Mastering the 5-layer cake

One of the most versatile desserts I’ve made is the 5-layer, 6-inch cake. With so many layers, you can have a lot of fun with color. Perhaps you’ll make a rainbow cake, or red/green for Christmas? I even make a black and gold Steelers themed cake for my dad’s birthday. While the task may seem like a lot to take on, with the right tools and a little practice, you’ll be good to bake whatever creative cake comes to mind!

Here’s what you’ll need:

  • 5 – 6 inch cake pans (mine are from Wilton)
  • Vibrant colored food dye (I have this Wilton 12-pack)
  • A cake recipe – get creative! Any cake recipe will do, but if you are dying the batter, stick with light colored
  • Frosting recipe (I use one from
  • Parchment paper
  • Icing bags and tips, or ziploc bag

To start, make your cake batter following the recipe. In my experience, any recipe meant to cover a standard 2 – tier 9″ cake will adapt fine for this cake. If you plan to dye the layers, a cake batter lighter in color (such as a white or vanilla cake) will work best. Once the batter is mixed, separate into as many bowls as needed for the number of colors planned. For my Steelers cake, I split into two with one bowl holding slightly more batter, since I planned for 3 yellow layers and two black. Dye the batter using a food coloring gel. The drops are harder to get the vibrant color needed for the color to really show through. Next, spray and line the 5 cake pans with parchment paper. I usually just layer the parchment paper so I can cut multiple circles at the same time that are roughly the size of the bottom of the pan. It doesn’t have to be perfect! Fill the pans until they are not quite to the top and shake each one a bit to level it out. Bake at the temperature given in the recipe, but these will bake much faster, so keep an eye on the oven! After about 10 minutes or so, check the progress by seeing if the top looks slightly browned and if a toothpick comes out clean.

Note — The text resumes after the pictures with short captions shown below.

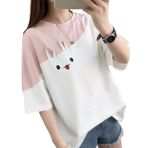 Aobiono Kadın Kız Kawaii Tavşan Kulakları Tişört Tavşan Havuç Anime Estetik Sevimli Hazırlık Japon Kore Işık Akademisi Karikatür, Beyaz, XL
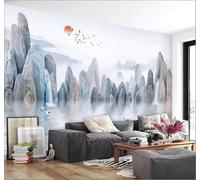 XLMING Encre De Chine Paysages Lever De Soleil Oiseaux En Vol Paysages Papier Peint 3D Soie De Luxe Intissé Bureau Salle à Manger Canapé Chambre Salon TV Mural Décoratif-350cm×256cm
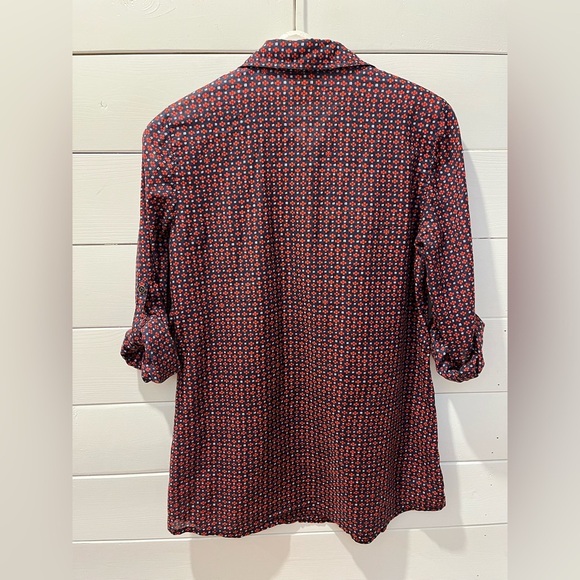📍❤️ Tory Burch Blouse – Red Geometric Print – Size 10 - Picture 11 of 12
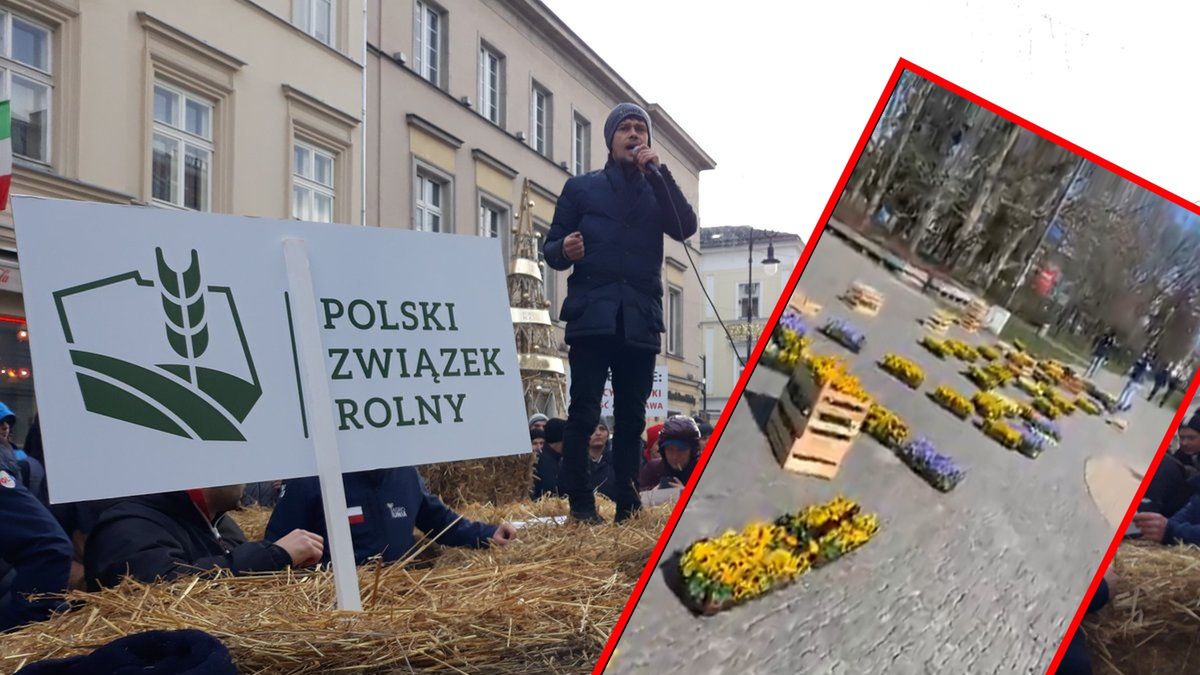 Rolnicy z Agrounii rozłożyli napis "#żywność" pod Pałacem Kultury i Nauki.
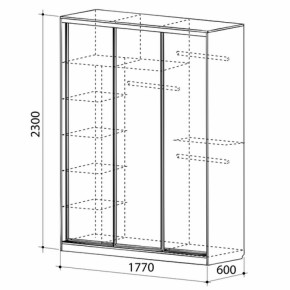 Шкаф-купе Бассо 1-600 (полки слева) в Заречном - zarechnyj.mebel-e96.ru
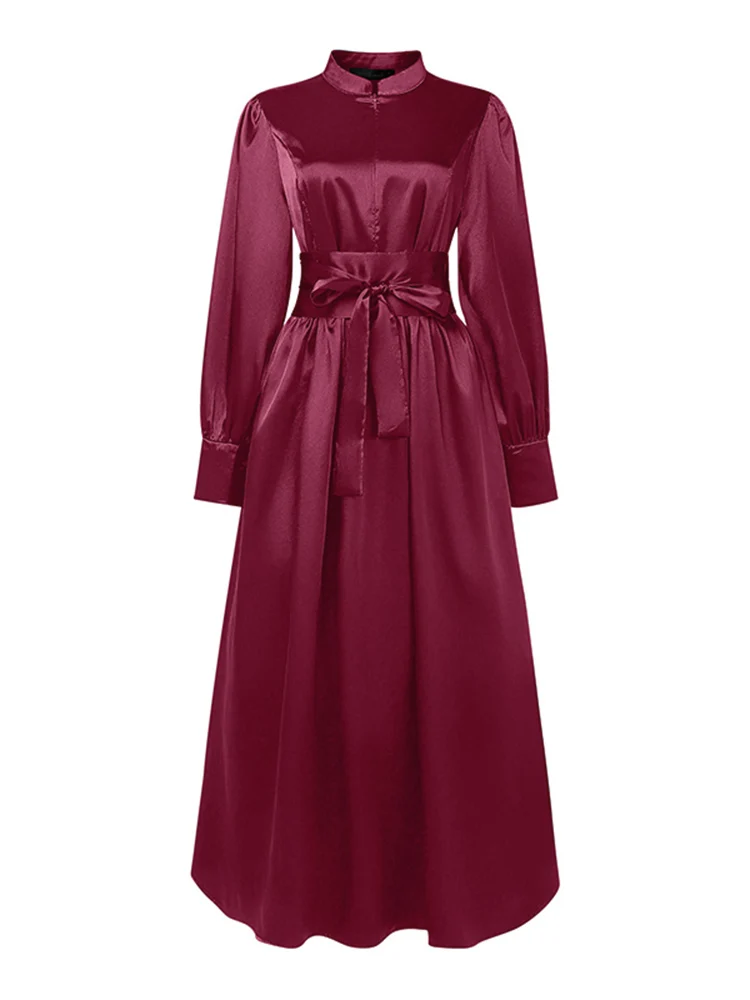 ZANZEA Stylish Waisted Party Dress 2025 Autumn Dreses Elegant Women Long Lantern Sleeve  Robe Solid A Line Satin Long Dresses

While the cakes are cooling, whip up your frosting recipe! I would advise making more than you expect – we do have to frost 5-layers! When following’s recipe, I make about 3/4 of what she uses (so 3 sticks of butter and 6 cups of powered sugar). If you plan to color your frosting, do that now as well.

Once the cakes have cooled, you can begin decorating! Assemble the cake on your final surface (cake plate or cake stand) as it will be hard to move after. Put down some frosting in the center so the cake will stick and lay your first cake down. The flatter part of the cake (from the bottom of the pan) should always be the bottom when assembling. If any of your cakes have a tall dome, you’ll want to shave it off with a knife. The top doesn’t have to be perfectly flat, but we at least want something for the next layer to sit atop of. You can leave one layer nicely domed for the top of your cake. Once the first layer is down, add a generous amount of frosting and spread it out. Lay the next layer and repeat until you have added all the layers. Straighten out any leaning layers as you go, so you don’t end up with a leaning cake!

Now to frost the outside! You likely have gaps in between the edges of each layer. For this, I recommend piping in extra frosting with an icing bag, or just a ziploc bag with the corner cut off. Load the bag with icing – *TIP* press the bag into a glass cup and fold the edges over the side of the glass. This will make it much easier to fill, and the edge provides a great surface for cleaning off your spatula * – and pipe it into those gaps. Then use a knife to smooth it all out. Continue to either pipe or spread icing over the outside and top of the cake. If you have extra time, completing one layer and then putting the cake in the fridge for about an hour provides a nice base coat, called a crumb coat. Frosting the remainder of the cake will be easier after!

Once the cake is frosted, decorate as desired! It’s fun to surprise friends when you cut into the cake and reveal all your layers. Enjoy!